In deze zaak heeft de Rechtbank Den Haag op 11 mei 2016 uitspraak gedaan in een kort geding tussen LAROZI B.V. en NATIONALE-NEDERLANDEN SCHADEVERZEKERING MAATSCHAPPIJ N.V. LAROZI, een apotheek gevestigd in Zwijndrecht, vorderde een voorschot van € 202.052,37 op de schadevergoeding na een brand die op 4 februari 2016 in de apotheek had plaatsgevonden. De brand had aanzienlijke schade veroorzaakt, maar NN betwistte de verplichting om een voorschot te verstrekken, onder andere omdat zij nog niet over alle noodzakelijke gegevens beschikte om de schadevergoeding te kunnen beoordelen.
De rechtbank oordeelde dat LAROZI niet had aangetoond dat er sprake was van een spoedeisend belang bij de vordering. NN had gemotiveerd aangevoerd dat er nog diverse onderzoeken en gesprekken moesten plaatsvinden voordat zij kon besluiten over de schadevergoeding. De rechtbank benadrukte dat bij geldvorderingen in kort geding terughoudendheid geboden is en dat niet alleen het bestaan van de vordering aannemelijk moet zijn, maar ook dat er feiten of omstandigheden zijn die een onmiddellijke voorziening vereisen.
Uiteindelijk concludeerde de rechtbank dat NN niet verplicht was om een voorschot te verstrekken, omdat niet was voldaan aan de voorwaarden voor een schadevergoeding.

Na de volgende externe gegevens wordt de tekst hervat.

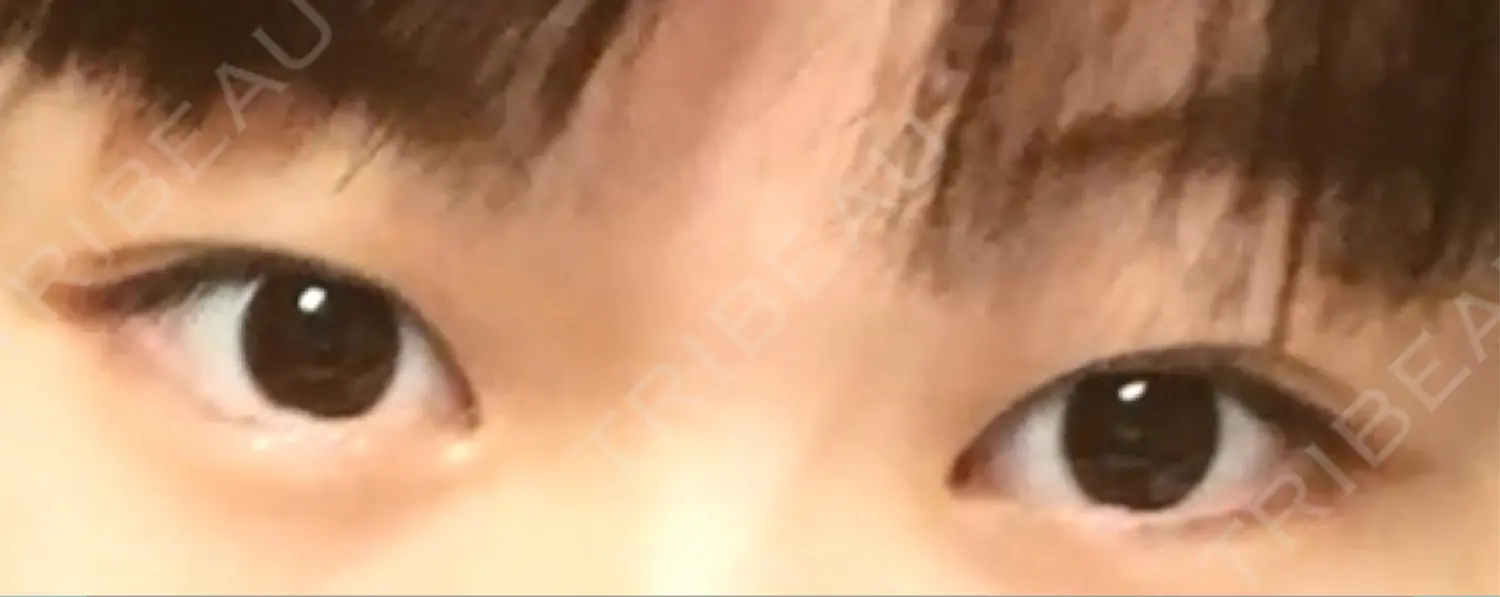 施術前の写真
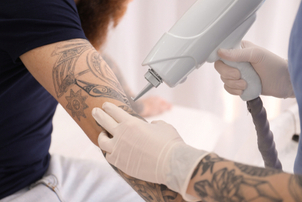 Eliminación de tatuaje
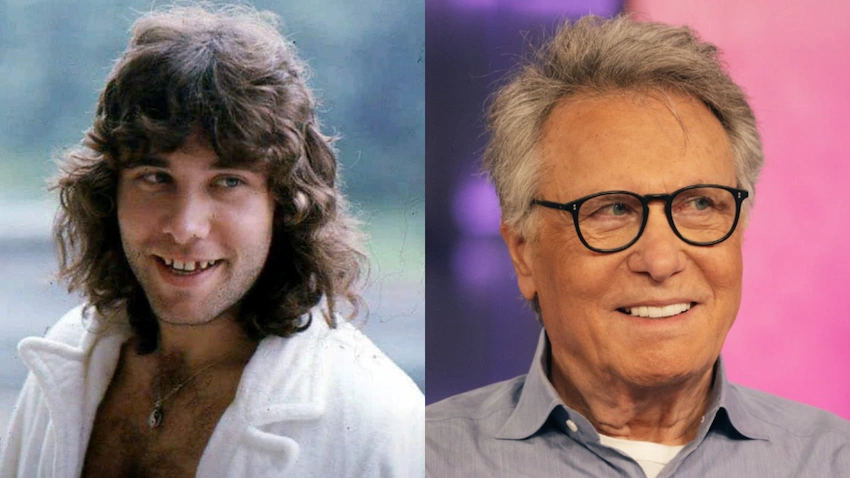 robert lamm teeth before after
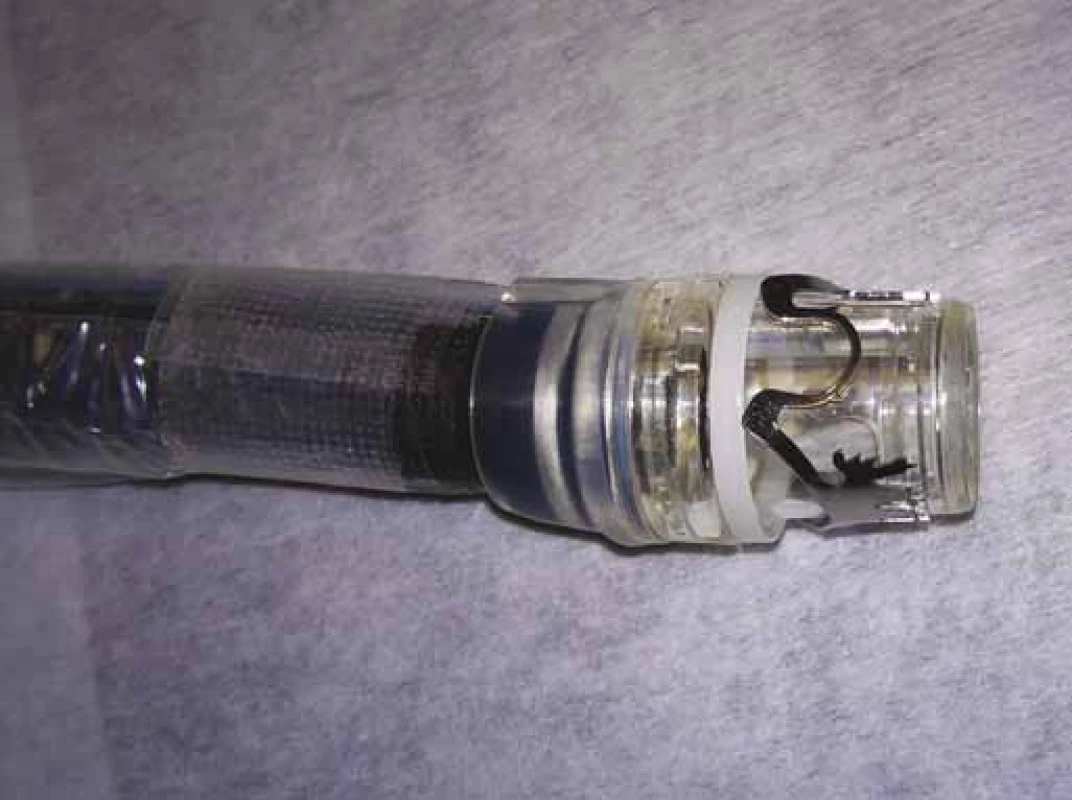 FTRD nasazený na konec standardního koloskopu.
Fig. 2. Full-thickness resection device mounted on the end of a standard coloscope.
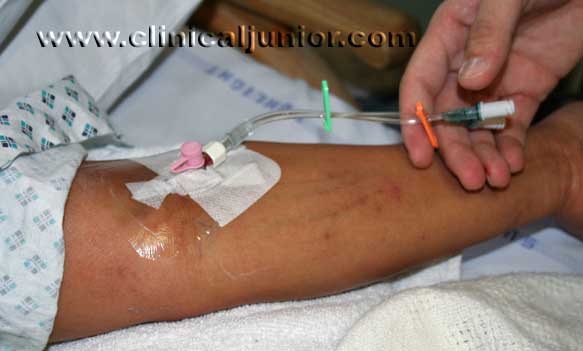 cannulation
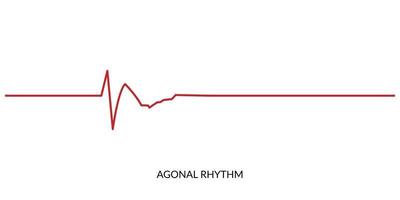 ecg battement de coeur doubler. électrocardiogramme vecteur illustration. agonique rythme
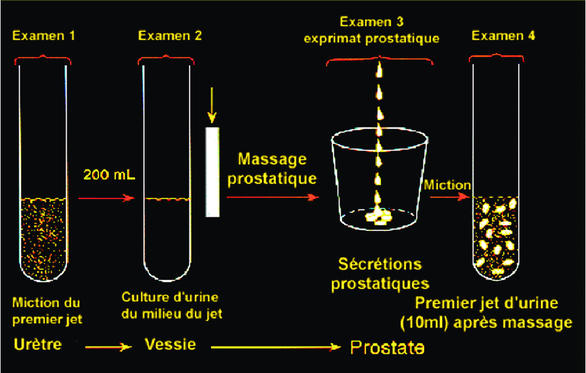 mi a prostatitis mail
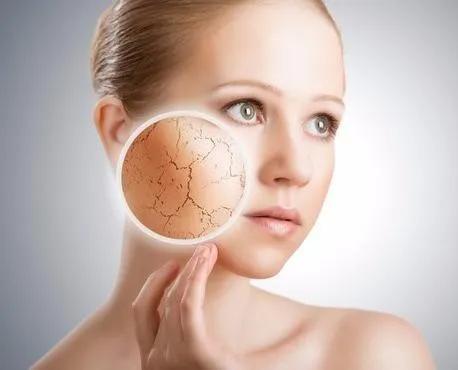 秋天皮肤瘙痒脱皮怎么办,秋季干燥皮肤发痒用什么药膏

De vordering van LAROZI werd afgewezen en zij werd veroordeeld in de proceskosten van NN, die op € 4.719,-- werden begroot. Dit vonnis onderstreept het belang van het aanleveren van volledige en juiste informatie bij het aanvragen van verzekeringen en de gevolgen van eventuele onjuistheden.